**TRY IT:**
Pictures are to be left out, and every entry repeated exactly.

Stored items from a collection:
^^^^^^^^^^^^^^^^

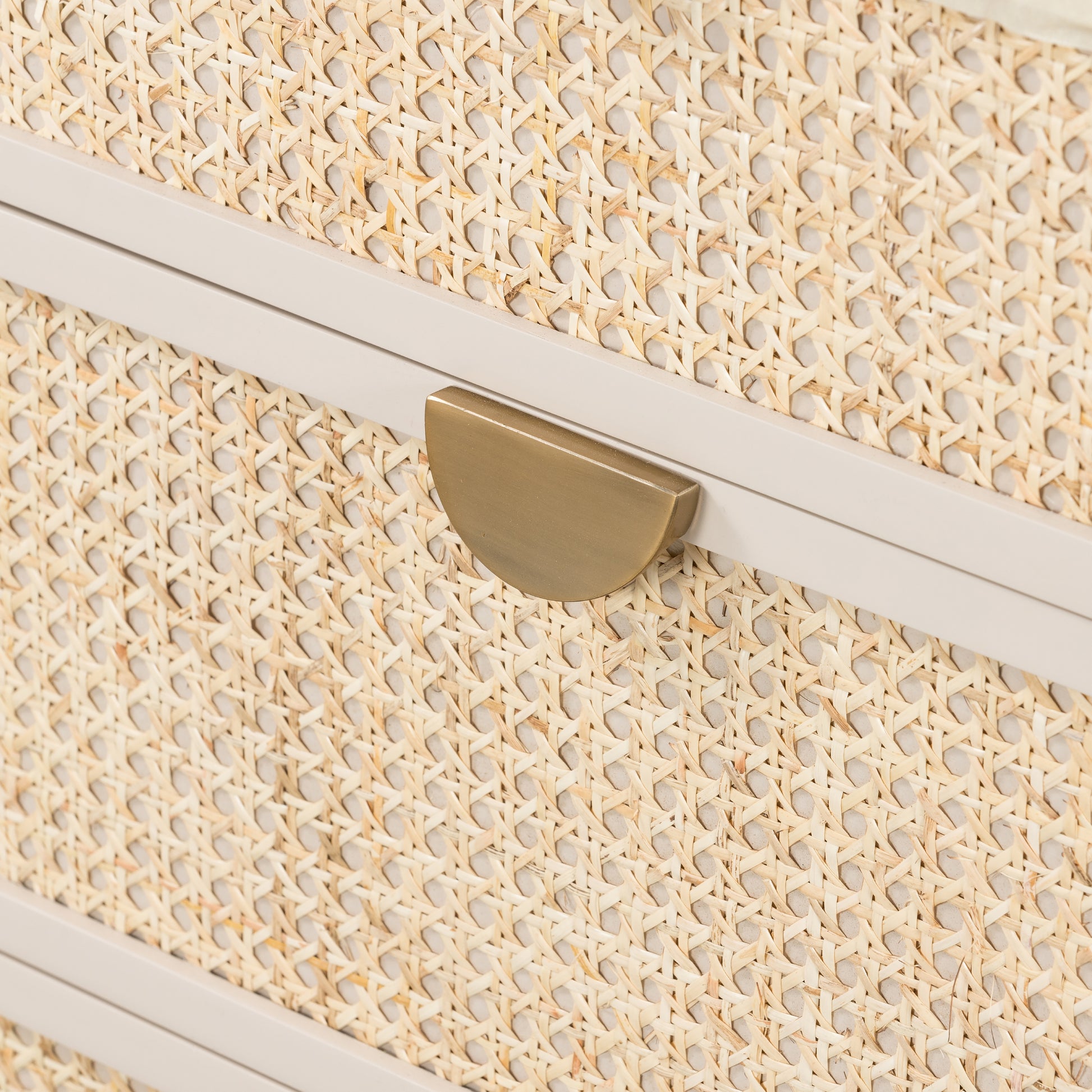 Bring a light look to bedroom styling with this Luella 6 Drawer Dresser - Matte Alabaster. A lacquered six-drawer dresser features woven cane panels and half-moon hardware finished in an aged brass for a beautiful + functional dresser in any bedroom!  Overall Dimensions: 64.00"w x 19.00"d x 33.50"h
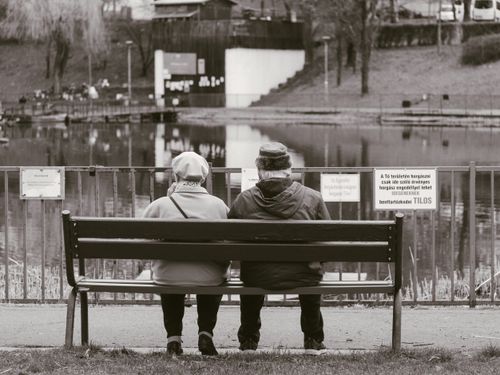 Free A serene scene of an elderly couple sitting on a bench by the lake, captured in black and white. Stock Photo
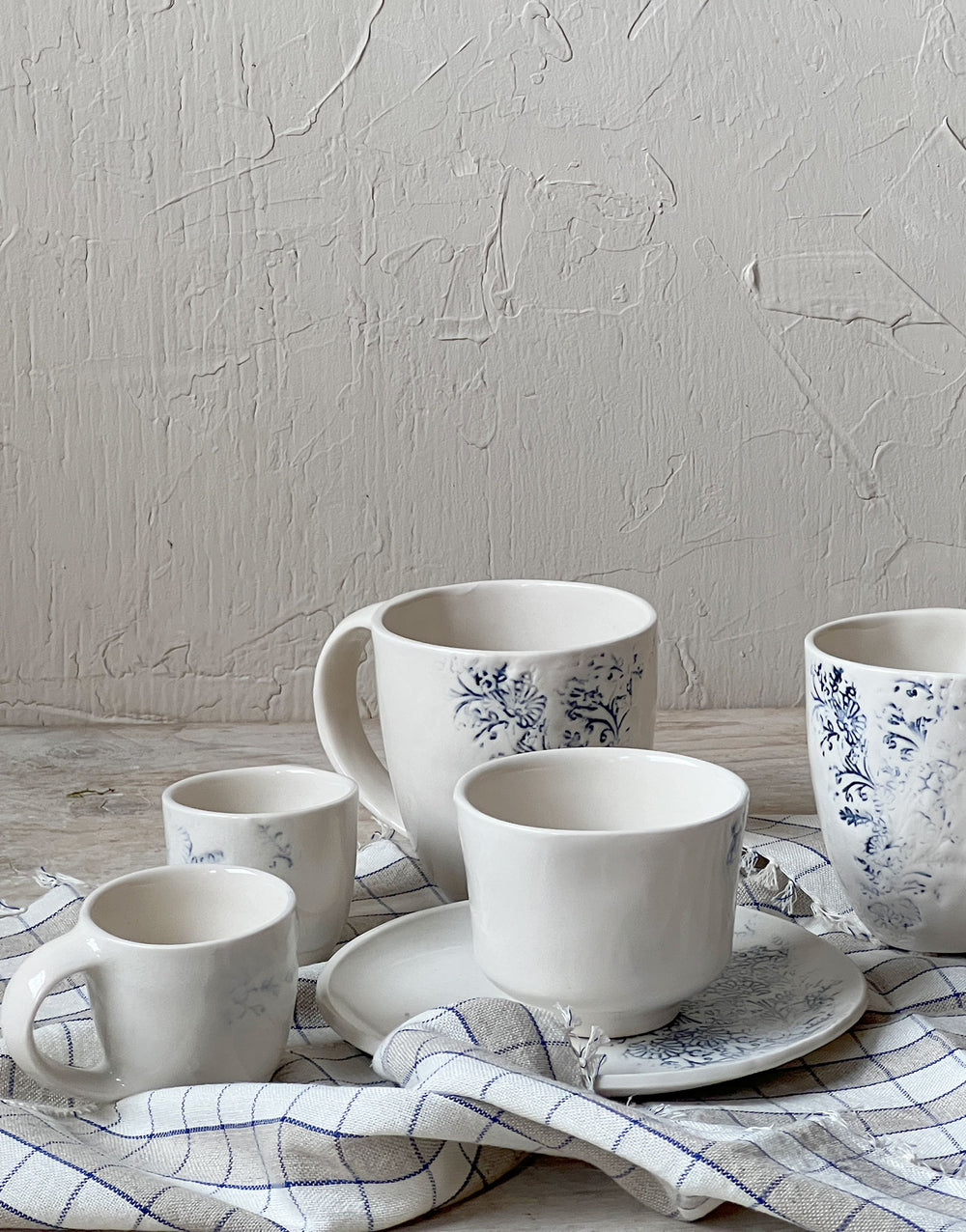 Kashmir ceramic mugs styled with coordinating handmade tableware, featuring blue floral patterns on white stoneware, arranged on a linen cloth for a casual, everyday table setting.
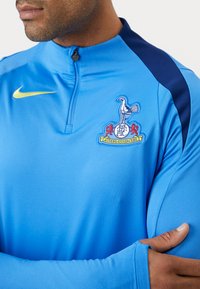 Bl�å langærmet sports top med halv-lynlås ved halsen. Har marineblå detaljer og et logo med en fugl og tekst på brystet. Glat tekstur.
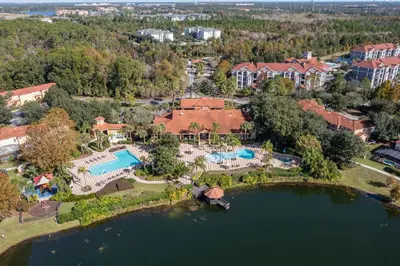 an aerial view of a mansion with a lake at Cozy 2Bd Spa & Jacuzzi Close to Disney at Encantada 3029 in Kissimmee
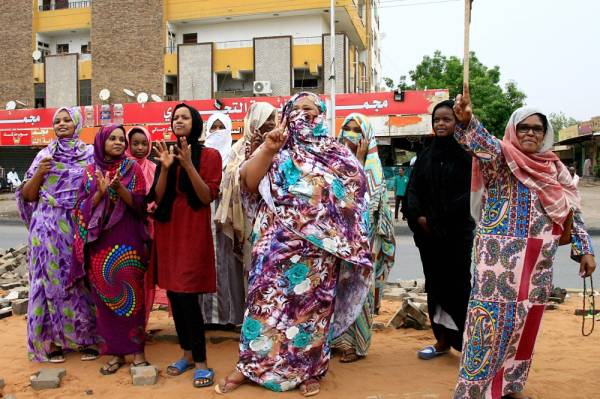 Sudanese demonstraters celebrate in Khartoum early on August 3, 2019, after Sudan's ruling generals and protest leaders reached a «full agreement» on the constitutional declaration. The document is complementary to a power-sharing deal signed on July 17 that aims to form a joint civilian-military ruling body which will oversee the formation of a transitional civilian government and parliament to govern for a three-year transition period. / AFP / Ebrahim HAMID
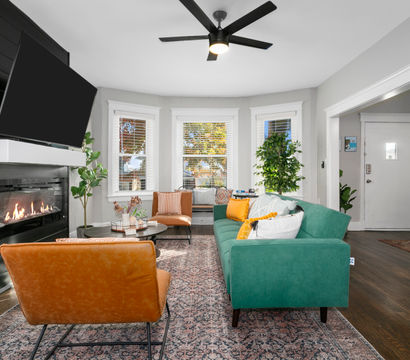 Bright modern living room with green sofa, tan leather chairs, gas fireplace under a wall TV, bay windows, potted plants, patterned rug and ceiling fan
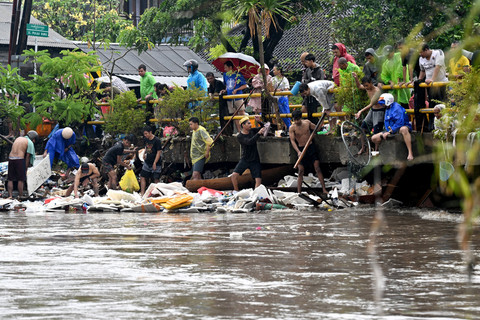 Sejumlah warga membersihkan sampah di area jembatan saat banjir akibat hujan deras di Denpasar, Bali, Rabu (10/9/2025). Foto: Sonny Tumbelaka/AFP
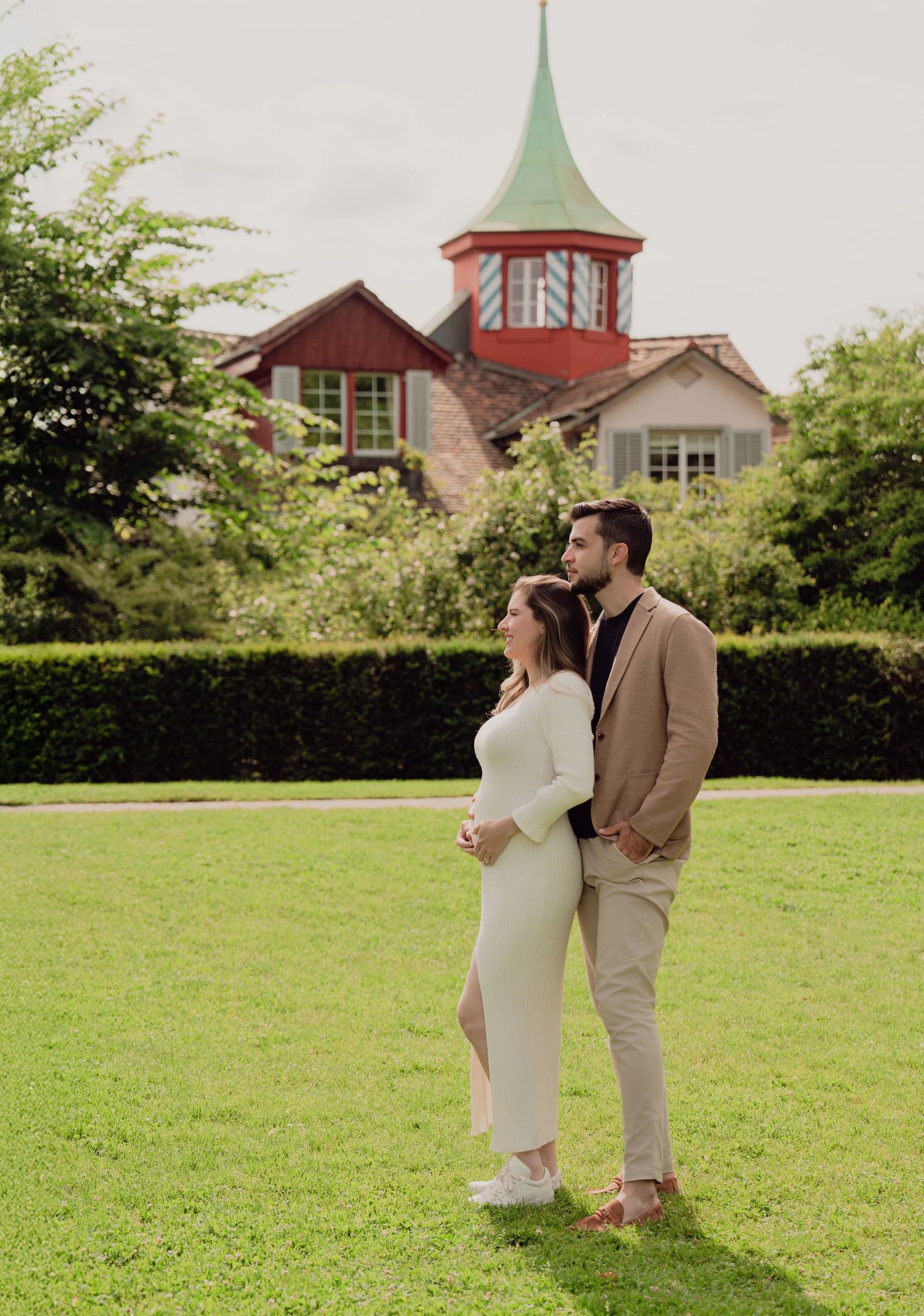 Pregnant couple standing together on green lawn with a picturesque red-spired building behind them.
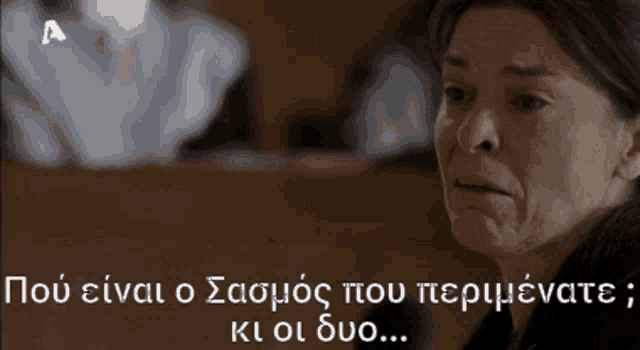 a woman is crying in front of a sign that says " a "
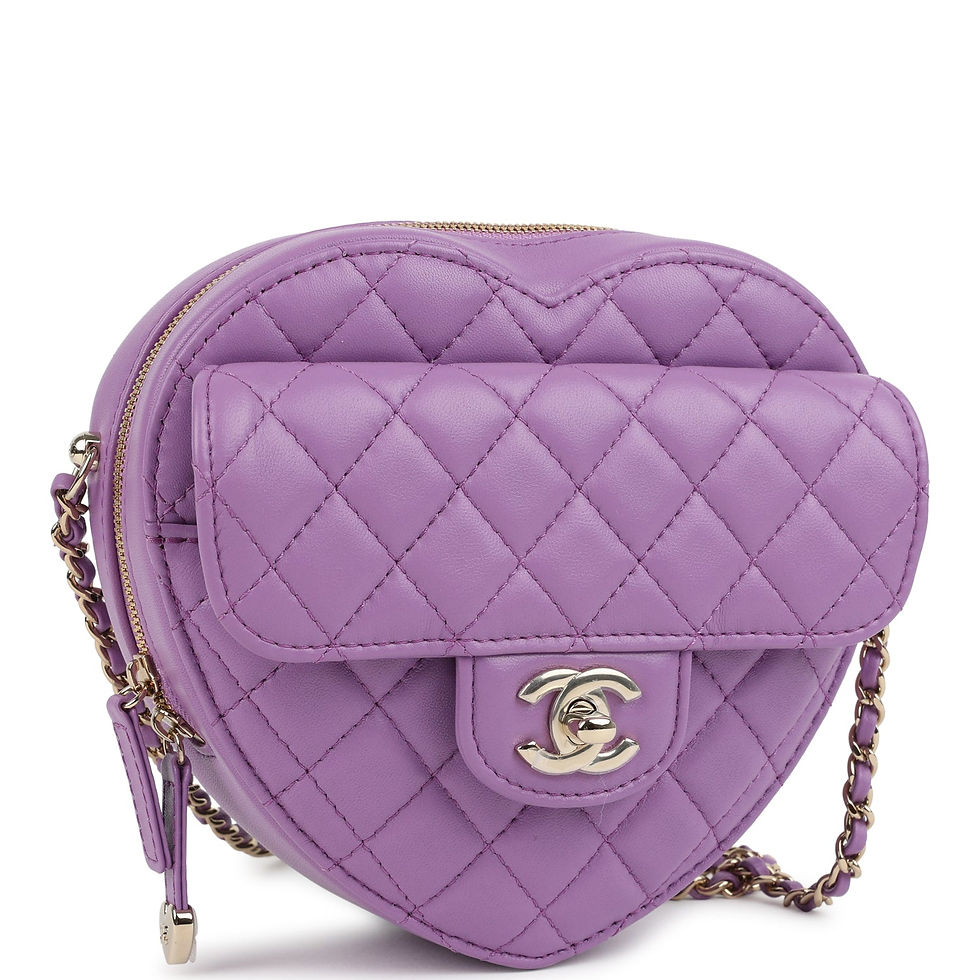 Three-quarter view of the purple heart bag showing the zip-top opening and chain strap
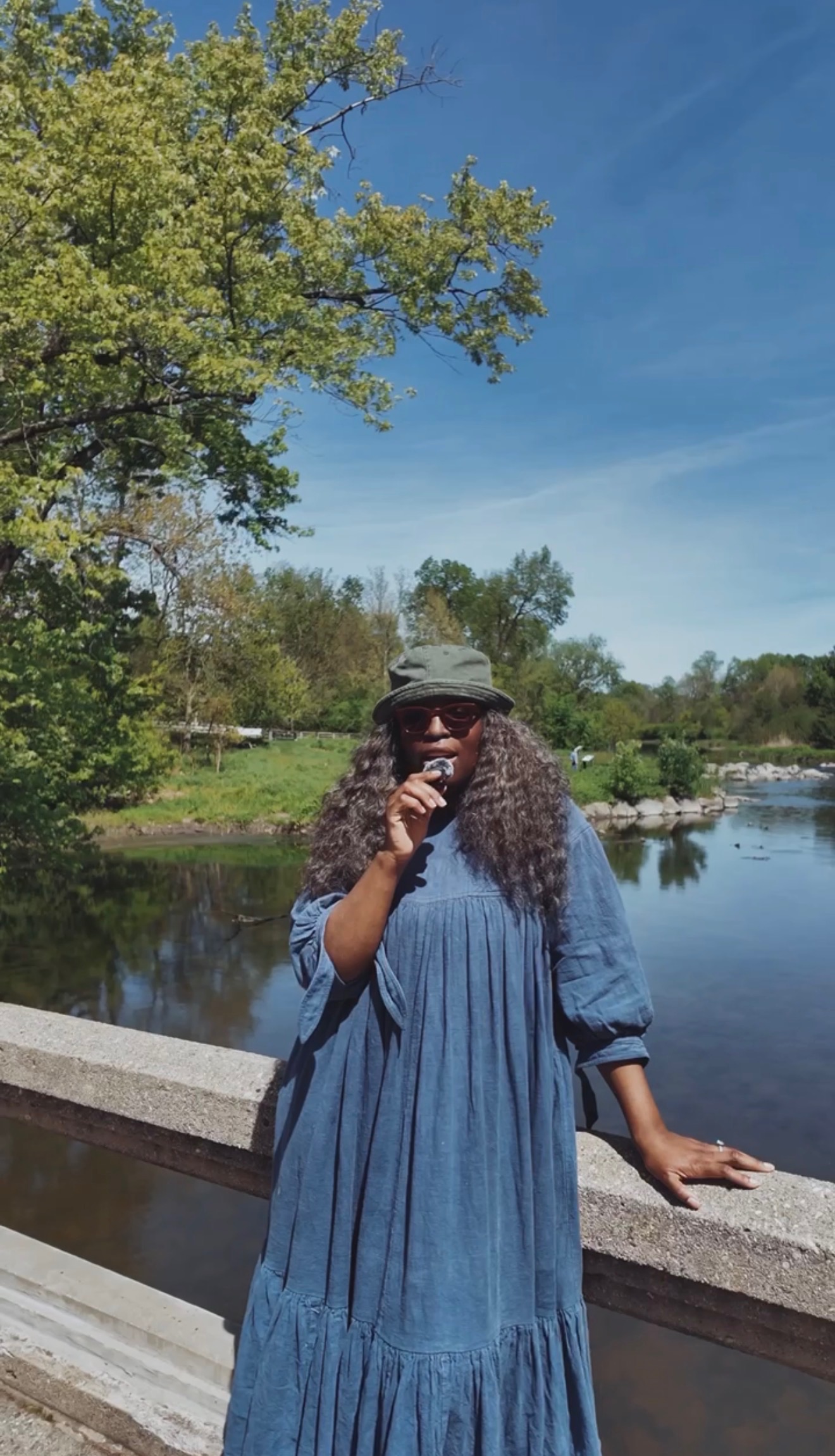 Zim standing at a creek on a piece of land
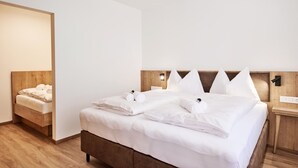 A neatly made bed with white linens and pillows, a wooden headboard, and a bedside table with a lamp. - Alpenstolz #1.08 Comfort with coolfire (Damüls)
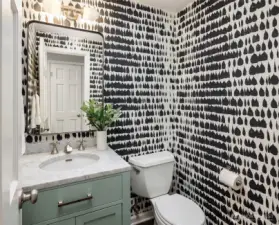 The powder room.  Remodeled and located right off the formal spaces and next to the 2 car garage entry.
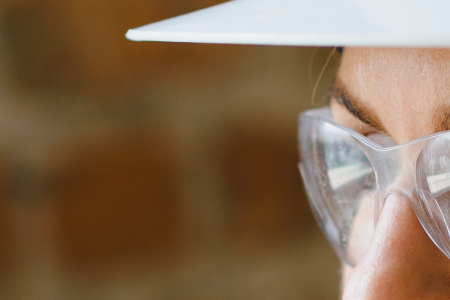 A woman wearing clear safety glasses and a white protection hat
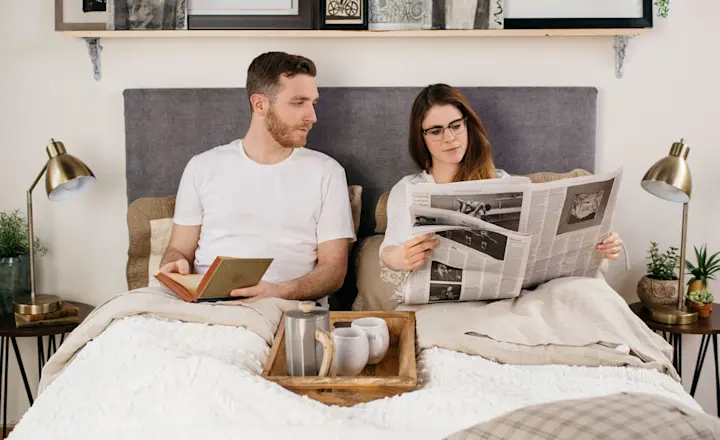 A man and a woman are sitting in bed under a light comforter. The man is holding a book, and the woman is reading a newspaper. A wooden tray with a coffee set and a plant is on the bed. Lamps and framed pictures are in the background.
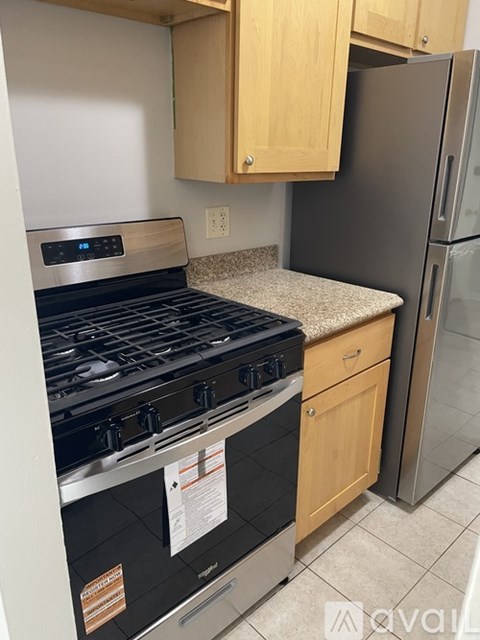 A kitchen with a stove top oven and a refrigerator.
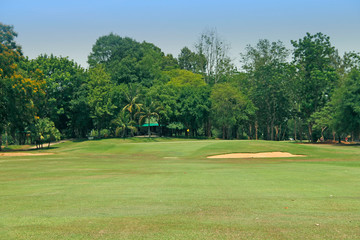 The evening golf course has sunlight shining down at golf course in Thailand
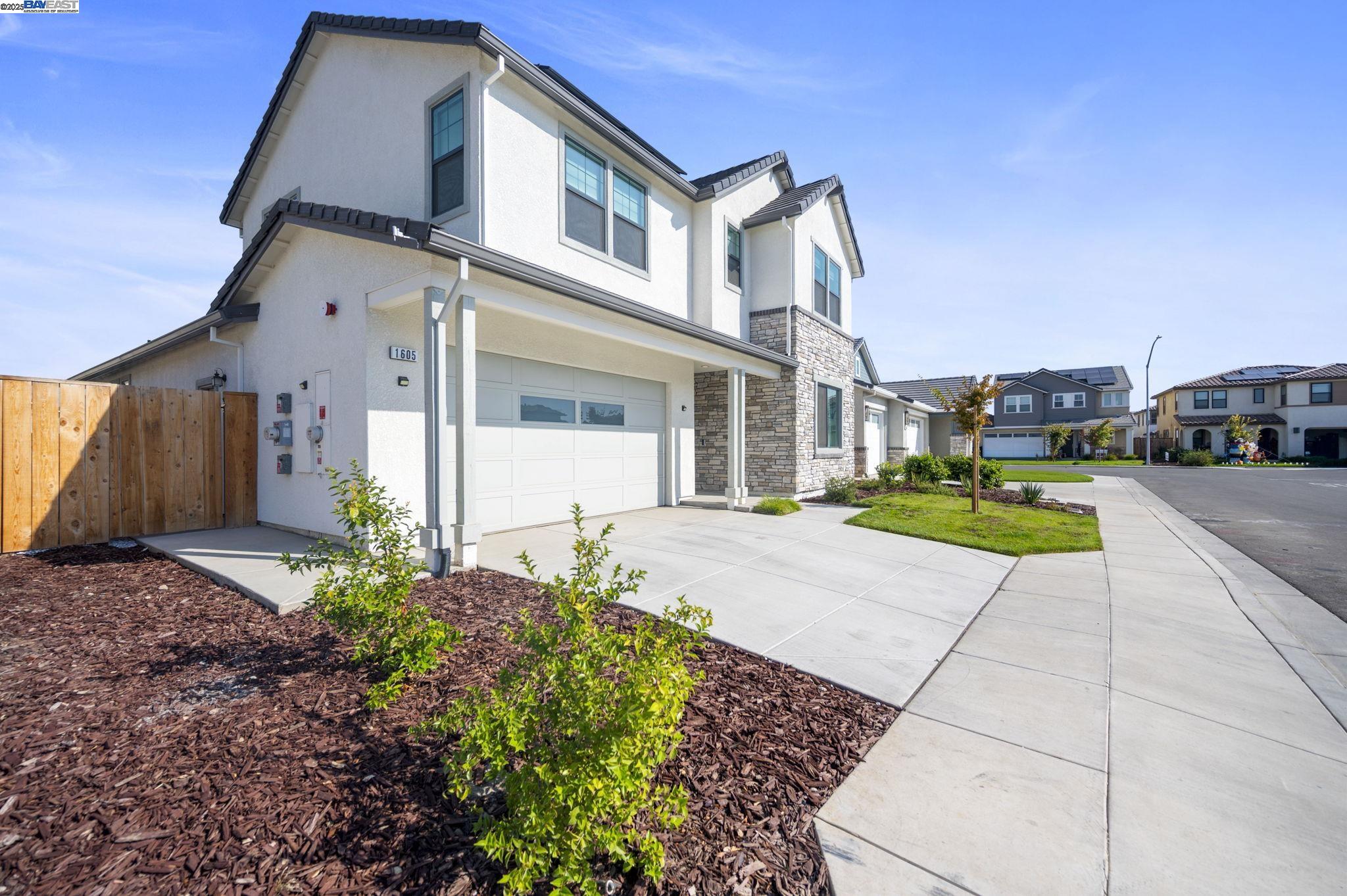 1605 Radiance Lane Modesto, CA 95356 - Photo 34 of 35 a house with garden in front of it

^^^^^^^^^^^^^^^^

**RESPONSE BOX:**
 Bring a light look to bedroom styling with this Luella 6 Drawer Dresser - Matte Alabaster. A lacquered six-drawer dresser features woven cane panels and half-moon hardware finished in an aged brass for a beautiful + functional dresser in any bedroom!  Overall Dimensions: 64.00"w x 19.00"d x 33.50"h
 Free A serene scene of an elderly couple sitting on a bench by the lake, captured in black and white. Stock Photo
 Kashmir ceramic mugs styled with coordinating handmade tableware, featuring blue floral patterns on white stoneware, arranged on a linen cloth for a casual, everyday table setting.
 Bl�å langærmet sports top med halv-lynlås ved halsen. Har marineblå detaljer og et logo med en fugl og tekst på brystet. Glat tekstur.
 an aerial view of a mansion with a lake at Cozy 2Bd Spa & Jacuzzi Close to Disney at Encantada 3029 in Kissimmee
 Sudanese demonstraters celebrate in Khartoum early on August 3, 2019, after Sudan's ruling generals and protest leaders reached a «full agreement» on the constitutional declaration. The document is complementary to a power-sharing deal signed on July 17 that aims to form a joint civilian-military ruling body which will oversee the formation of a transitional civilian government and parliament to govern for a three-year transition period. / AFP / Ebrahim HAMID
 Bright modern living room with green sofa, tan leather chairs, gas fireplace under a wall TV, bay windows, potted plants, patterned rug and ceiling fan
 Sejumlah warga membersihkan sampah di area jembatan saat banjir akibat hujan deras di Denpasar, Bali, Rabu (10/9/2025). Foto: Sonny Tumbelaka/AFP
 Pregnant couple standing together on green lawn with a picturesque red-spired building behind them.
 a woman is crying in front of a sign that says " a "
 Three-quarter view of the purple heart bag showing the zip-top opening and chain strap
 Zim standing at a creek on a piece of land
 A neatly made bed with white linens and pillows, a wooden headboard, and a bedside table with a lamp. - Alpenstolz #1.08 Comfort with coolfire (Damüls)
 The powder room.  Remodeled and located right off the formal spaces and next to the 2 car garage entry.
 A woman wearing clear safety glasses and a white protection hat
 A man and a woman are sitting in bed under a light comforter. The man is holding a book, and the woman is reading a newspaper. A wooden tray with a coffee set and a plant is on the bed. Lamps and framed pictures are in the background.
 A kitchen with a stove top oven and a refrigerator.
 The evening golf course has sunlight shining down at golf course in Thailand
 1605 Radiance Lane Modesto, CA 95356 - Photo 34 of 35 a house with garden in front of it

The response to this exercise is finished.